JAKARTA - Keputusan pemerintah untuk melakukan penyesuaian produksi batu bara pada 2026 menjadi langkah strategis untuk menjaga keseimbangan harga komoditas di pasar internasional.
Harga batu bara yang fluktuatif telah menimbulkan tantangan bagi pelaku industri dan perekonomian nasional, sehingga intervensi diperlukan untuk menciptakan nilai ekonomis yang menguntungkan.
Direktur Jenderal Mineral dan Batu Bara Kementerian Energi dan Sumber Daya Mineral, Tri Winarno, menyatakan bahwa penurunan produksi menjadi opsi utama dalam menstabilkan harga.
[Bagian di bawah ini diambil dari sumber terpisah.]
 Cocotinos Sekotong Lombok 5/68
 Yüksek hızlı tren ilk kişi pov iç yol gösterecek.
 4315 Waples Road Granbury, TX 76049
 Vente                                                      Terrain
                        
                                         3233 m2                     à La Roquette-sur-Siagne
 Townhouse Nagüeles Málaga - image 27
Menurutnya, langkah ini diambil karena kondisi harga batu bara yang dianggap “jebol” di pasar global.
Tri menambahkan bahwa produksi pada 2026 diproyeksikan berada di bawah 700 juta ton, meski angka pastinya masih menunggu keputusan final pemerintah.
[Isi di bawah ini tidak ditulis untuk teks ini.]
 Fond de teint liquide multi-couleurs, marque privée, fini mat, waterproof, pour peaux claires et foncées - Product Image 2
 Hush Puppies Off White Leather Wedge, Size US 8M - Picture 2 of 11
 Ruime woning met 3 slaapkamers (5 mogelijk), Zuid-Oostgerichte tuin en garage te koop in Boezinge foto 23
Kebijakan ini diharapkan memberikan sinyal positif kepada pasar internasional, sekaligus menjaga keseimbangan antara kebutuhan domestik dan potensi ekspor yang terus berkembang.
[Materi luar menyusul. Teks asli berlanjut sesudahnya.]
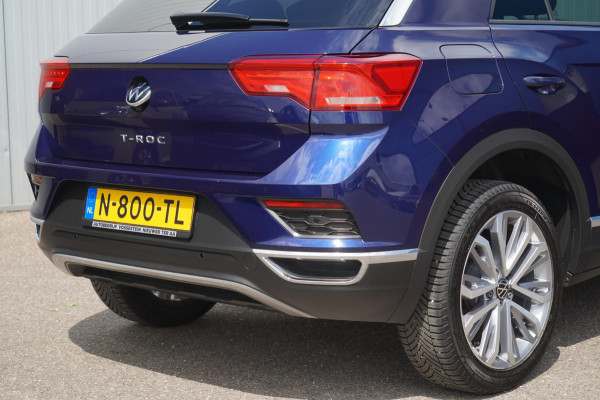 Volkswagen T-Roc 1.0 TSI Style Business / Panoramadak / Camera / PDC V + A / Navigatie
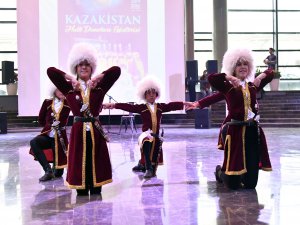 Fetih Müzesi’nde Kazak esintisi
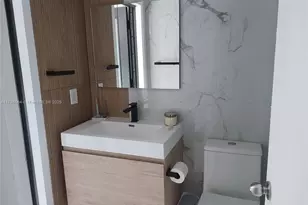 2020 NE 203rd St, Miami, FL 33179 - Photo 33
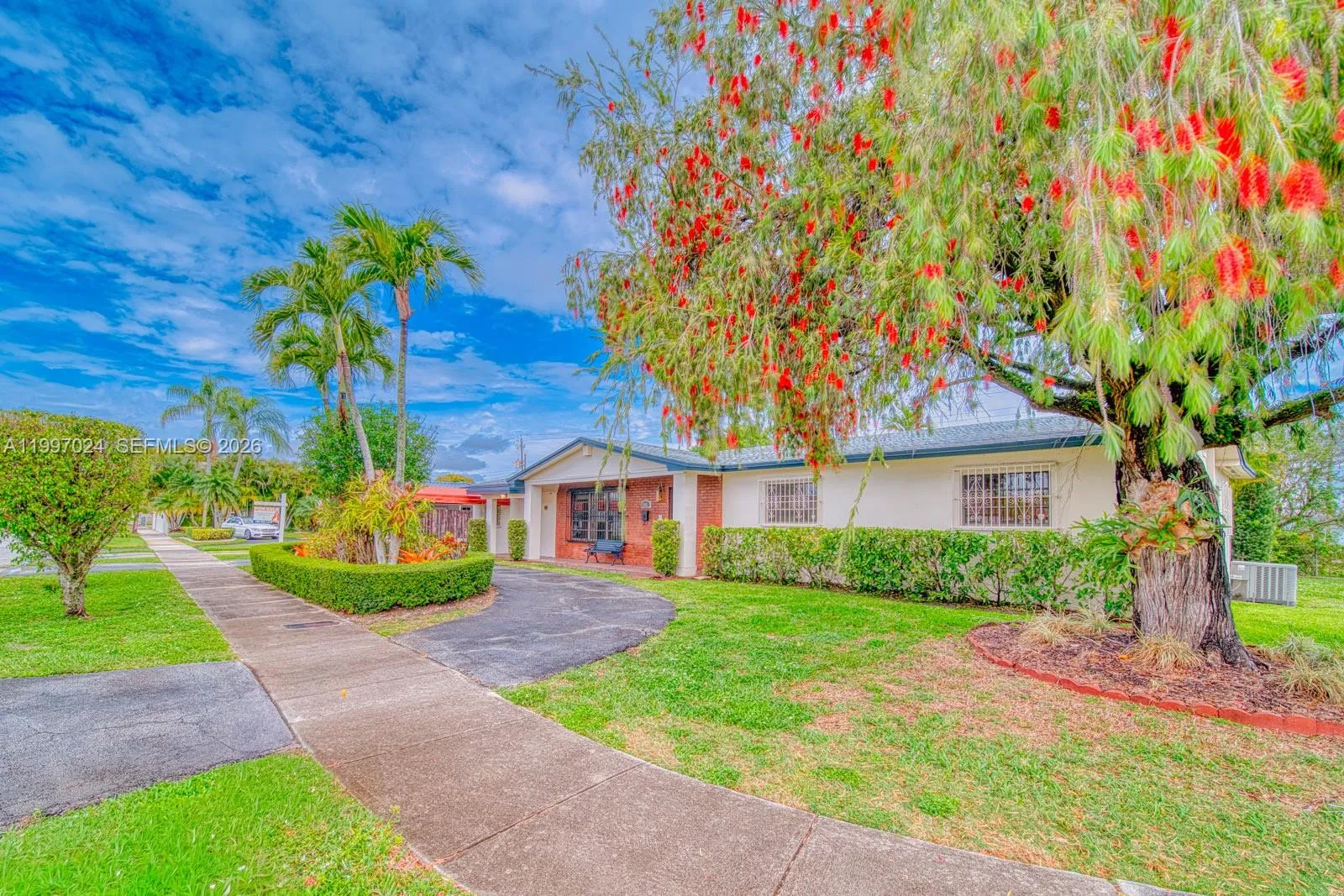 9961 SW 12th St, Miami FL 33174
Evaluasi Produksi dan Tren Penyaluran Domestik
Pola produksi batu bara pada tahun-tahun sebelumnya menjadi acuan penting dalam menentukan kebijakan ke depan. Pada 2024, total produksi mencapai 836 juta ton atau 117 persen dari target nasional 710 juta ton. Tingginya capaian tersebut mencerminkan kapasitas produksi yang kuat sekaligus tingginya permintaan global.
Dari jumlah produksi tersebut, 233 juta ton disalurkan untuk kebutuhan industri domestik melalui skema Domestic Market Obligation (DMO), sedangkan 48 juta ton digunakan untuk stok nasional.
Di sisi lain, ekspor mencapai 555 juta ton atau setara 33–35 persen konsumsi global, menempatkan Indonesia sebagai pemain utama di pasar internasional.
Tri memproyeksikan produksi 2025 mencapai sekitar 750 juta ton, lebih rendah hampir 100 juta ton dibandingkan 2024. Penurunan ini dianggap sebagai langkah evaluasi yang wajar di tengah fluktuasi harga global, sekaligus menyiapkan strategi pengurangan produksi yang akan diterapkan 2026 agar stabilitas harga tetap terjaga.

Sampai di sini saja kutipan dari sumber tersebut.